* **WHAT THIS TASK INVOLVES**:
Repeat exactly the line with "4th image of 326 Prospect Ave APT 1A" and each line after it to the end of the data below; pictures stay out.
•••
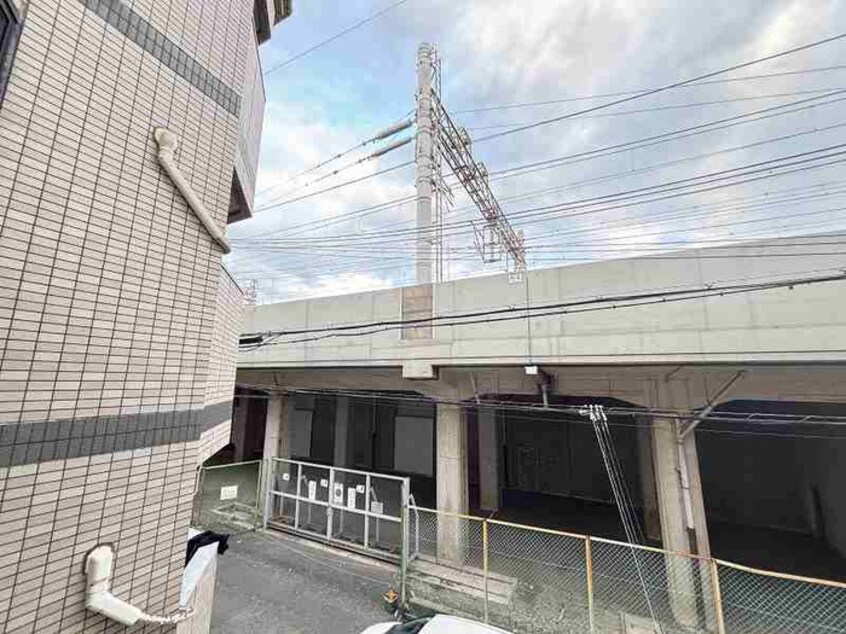 室内からの展望 ヴィラナリ－大和田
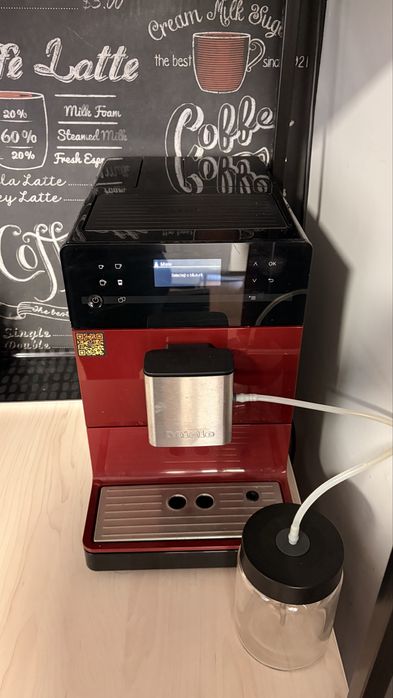 Expresor cafea Miele cu recipient lapte inclus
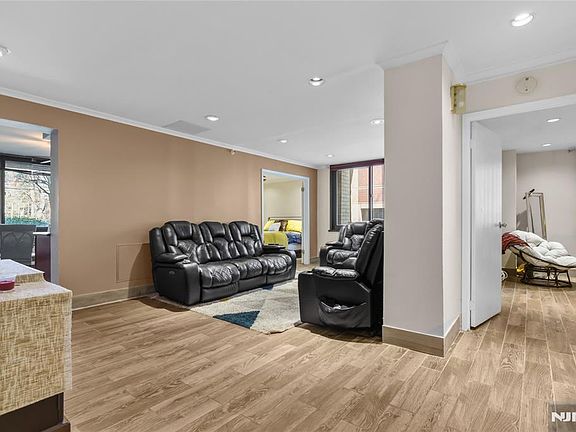4th image of 326 Prospect Ave APT 1A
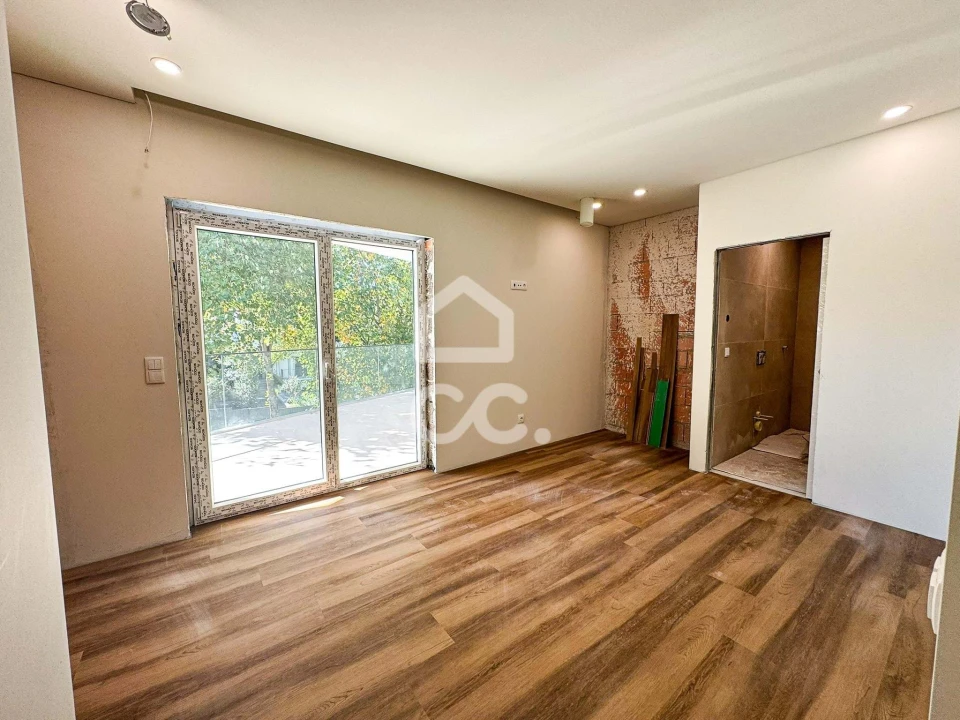 Apartamento T4 para Venda em Viseu Foto 10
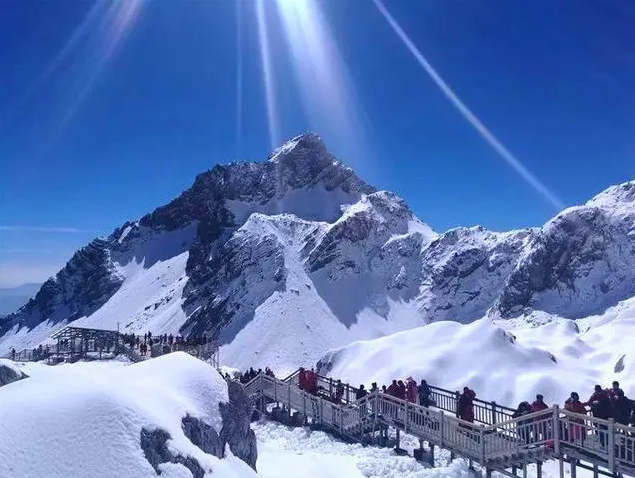 云南玉龍雪山旅游攻略，人手必備！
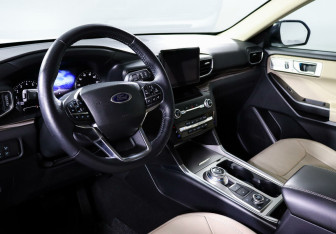 Подержанный автомобиль Ford Explorer 2020 года (7 фото)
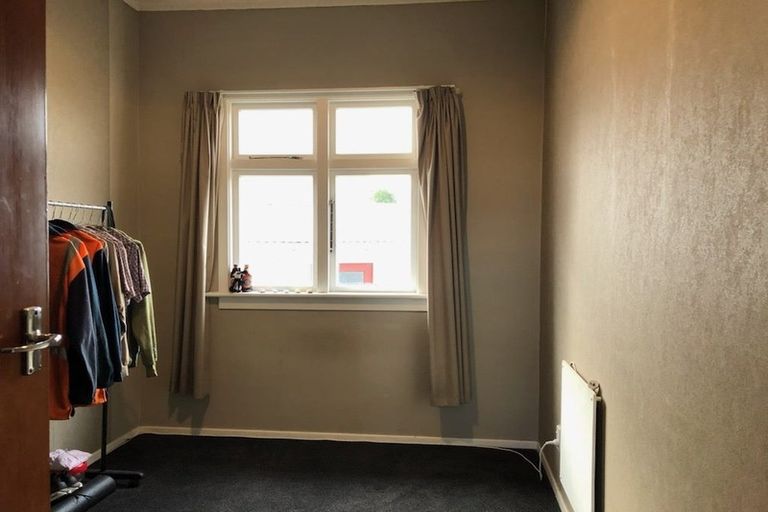 Photo of property in 1 Mcneil Street, Balclutha, 9230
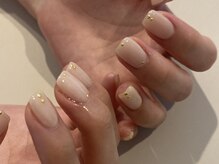 アルナイズネイル(Arnaiz nail)/シアーホワイト×ゴールドアート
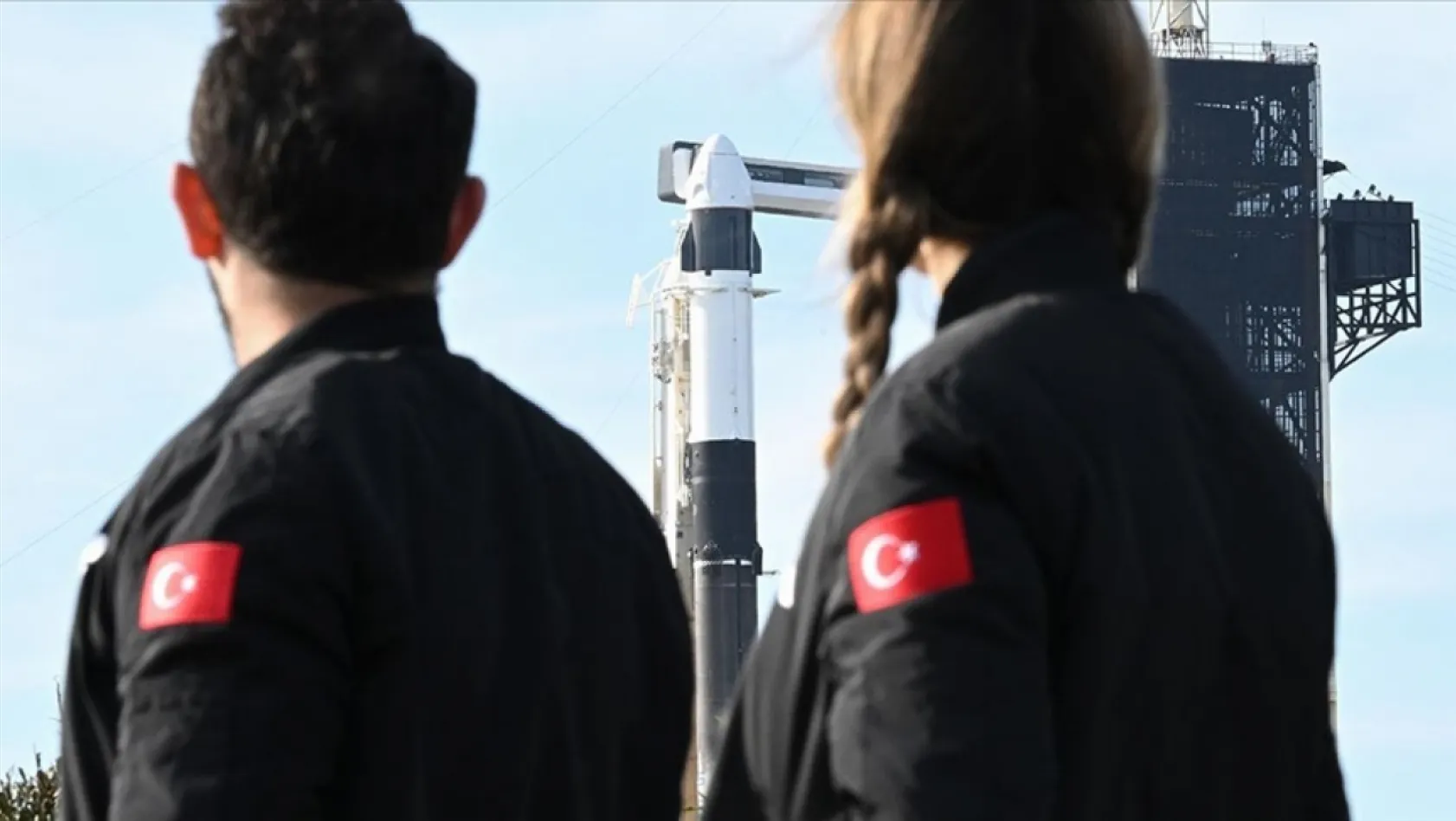 Türkiye'nin ilk insanlı uzay yolculuğu ertelendi!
•••
* **OUTPUT BELOW**:
4th image of 326 Prospect Ave APT 1A
 Apartamento T4 para Venda em Viseu Foto 10
 云南玉龍雪山旅游攻略，人手必備！
 Подержанный автомобиль Ford Explorer 2020 года (7 фото)
 Photo of property in 1 Mcneil Street, Balclutha, 9230
 アルナイズネイル(Arnaiz nail)/シアーホワイト×ゴールドアート
 Türkiye'nin ilk insanlı uzay yolculuğu ertelendi!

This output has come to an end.